I still remember the first time I heard “Magic Doors,” and realized that Portishead had somehow managed to refine its sound from the cliche of Trip Hop, and yet remain emotionally consistent with everything that had come before. There is such sorrow and melancholy in this track; it’s not just Beth Gibbons’ voice, or the words she’s singing (“I can’t deny or hide from me/I don’t know who I’m meant to be”). Is it the constantly-downward synthetic strings, or the finality of the piano when it appears? I don’t know; whereas earlier Portishead had a retro cool to it, this song – and a lot of Third, the album it comes from – is purposefully dissonant and awkward in its beauty. The opening tone that crashes into the drums… It’s utterly compelling, but somehow difficult to listen to at the same time. You struggle through this song, in a way, but in such a way that the entire thing feels curiously enriching nonetheless.

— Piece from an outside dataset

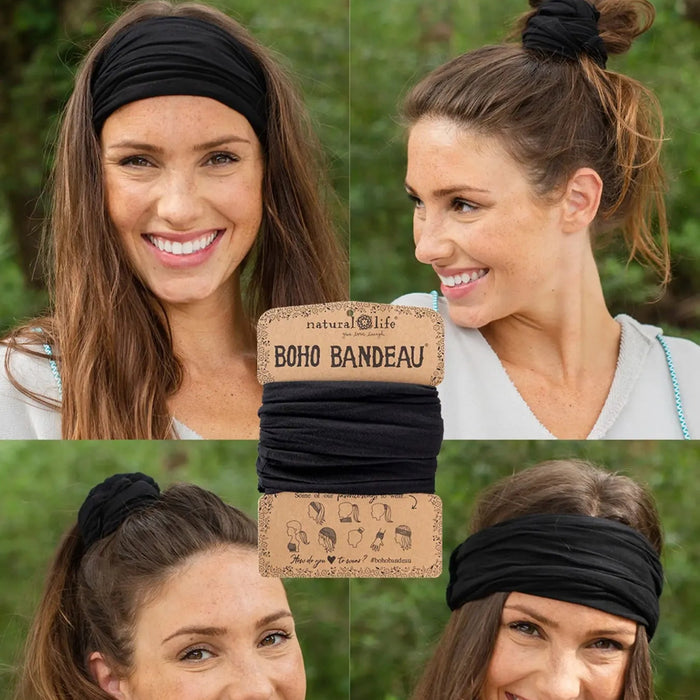 Natural Life Solid Boho Bandeau Headband in classic black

It’s been years since I’ve really listened to “Glory Box,” probably the biggest hit from Portishead’s first album Dummy; it was one of those songs that I was convinced I had over-heard, that I was too used to from listening to the album endlessly when it came out, and then the single came out and it was everywhere… But it’s playing in the cafe that I’m sitting in right now, and it sounds much sharper, much less bloated and self-obsessed than I remembered it. It’s as if I had replaced the original – with Beth Gibbons’ voice cracking with emotion and the retro guitar twanging shamelessly, not quite a cliche just yet, months and countless rip-offs yet to come – with some idea of what it sounded like.
There are some songs that I wish I could hear for the first time all the time; relive the thrill of that first listen, the zigging when I expected a zag, or whatever, and be surprised and impressed every single time. This is definitely one of them; it was worth ignoring the song for years to hear it again as if it was, if not the first, then surely not the one hundredth, time.